╭──

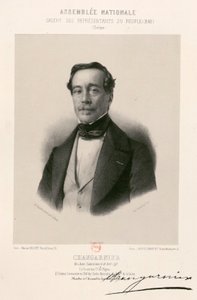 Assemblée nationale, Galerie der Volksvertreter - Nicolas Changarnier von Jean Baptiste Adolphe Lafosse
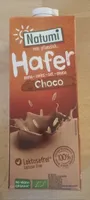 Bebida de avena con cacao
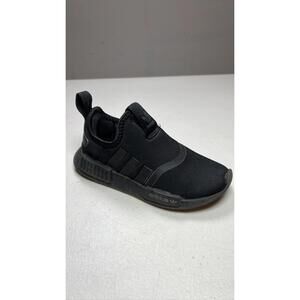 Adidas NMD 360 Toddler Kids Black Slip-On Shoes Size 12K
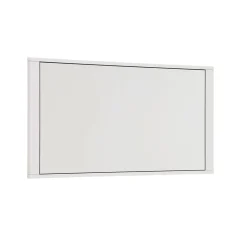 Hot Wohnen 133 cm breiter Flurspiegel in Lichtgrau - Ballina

╰──

● WHAT NEEDS TO BE DONE
Give again exactly the lines from the one that contains "Bebida de avena con cacao" through the end of the material, both ends included, omitting the pictures.

● TASK RESULT
 Bebida de avena con cacao
 Adidas NMD 360 Toddler Kids Black Slip-On Shoes Size 12K
 Hot Wohnen 133 cm breiter Flurspiegel in Lichtgrau - Ballina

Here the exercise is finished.